● What you should do
Starting with the line in which "Pâte à pizza" appears, give back every line exactly as written until the listing ends, excluding pictures.
═════ Dataset entries
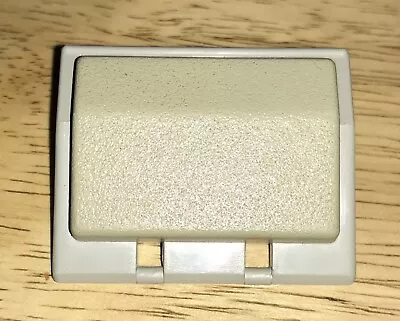 1984 Apple Macintosh Plus SE Mouse Model M0100 Platinum Top BUTTON Part ONLY   • $14.99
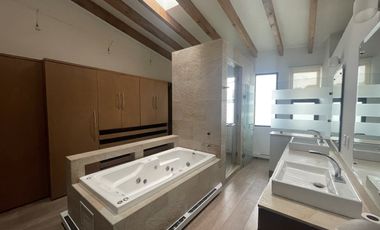 CASA en VENTA, CLUB DE GOLF LOS ENCINOS, LERMA, ESTADO DE MÉXICO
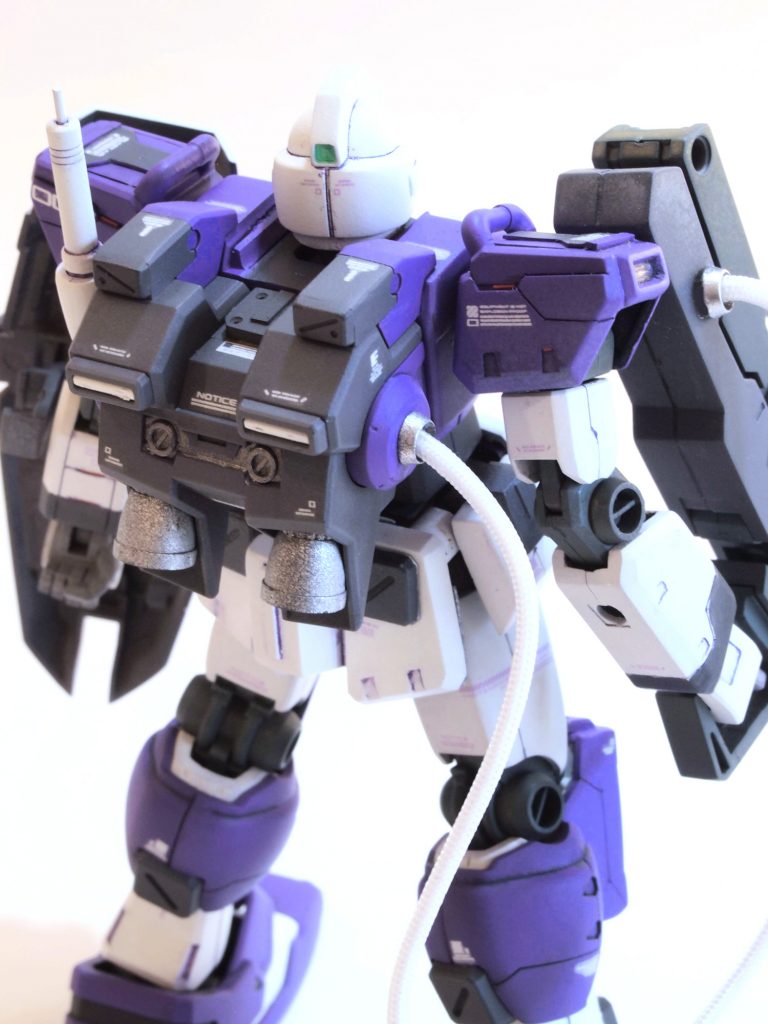 バックショット。今回メイン武装として持たせたフリースタイルバズーカと本体の大型バックパックをメッシュパイプでつないで説得力をもたせました。基部にシルバーで塗った丸モールドをはさんでメカメカしく。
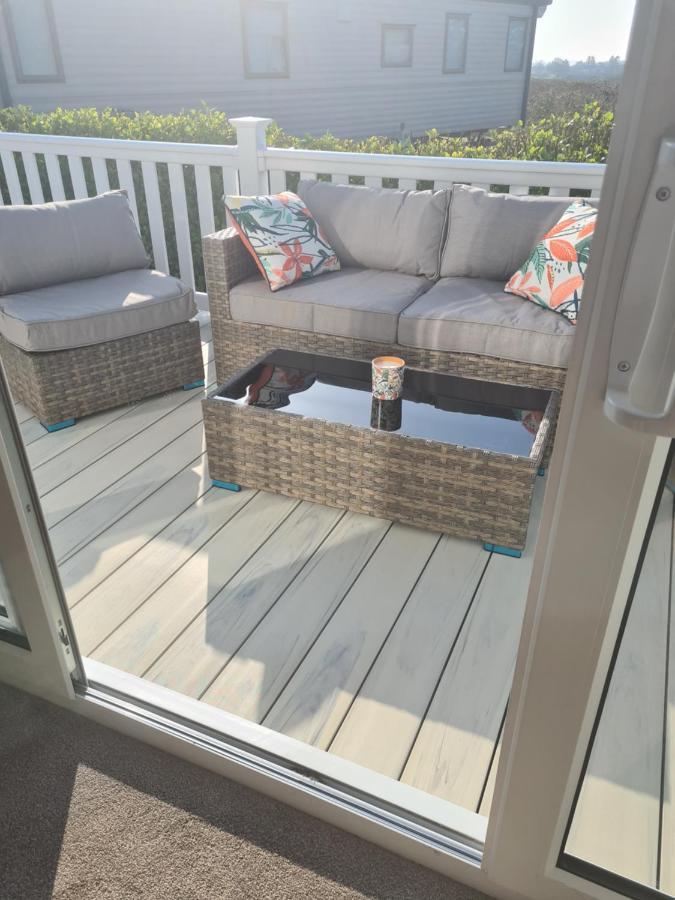 Beautiful 2 Bedroom Caravan, Holiday Park Tenby Saint Florence Bagian luar foto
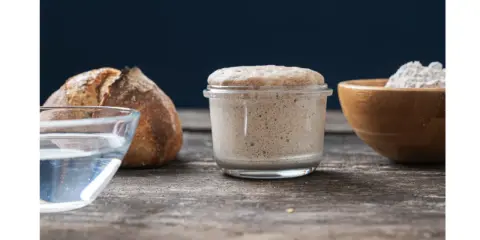Pâte à pizza moelleuse levure fraîche : les secrets d'un pro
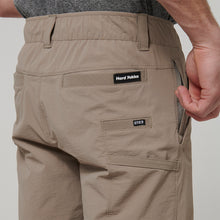 Load image into Gallery viewer, Hard Yakka Men&#39;s X Range X Mid-Short - Desert - Shorts
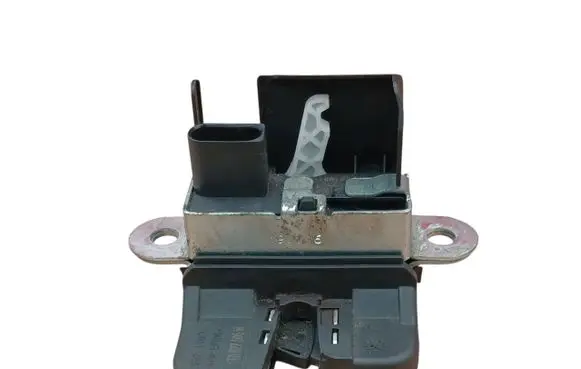 Volkswagen Touran II Tailgate lock latch 1T0827505H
══════════
● Exercise answer
Pâte à pizza moelleuse levure fraîche : les secrets d'un pro
 Load image into Gallery viewer, Hard Yakka Men&#39;s X Range X Mid-Short - Desert - Shorts
 Volkswagen Touran II Tailgate lock latch 1T0827505H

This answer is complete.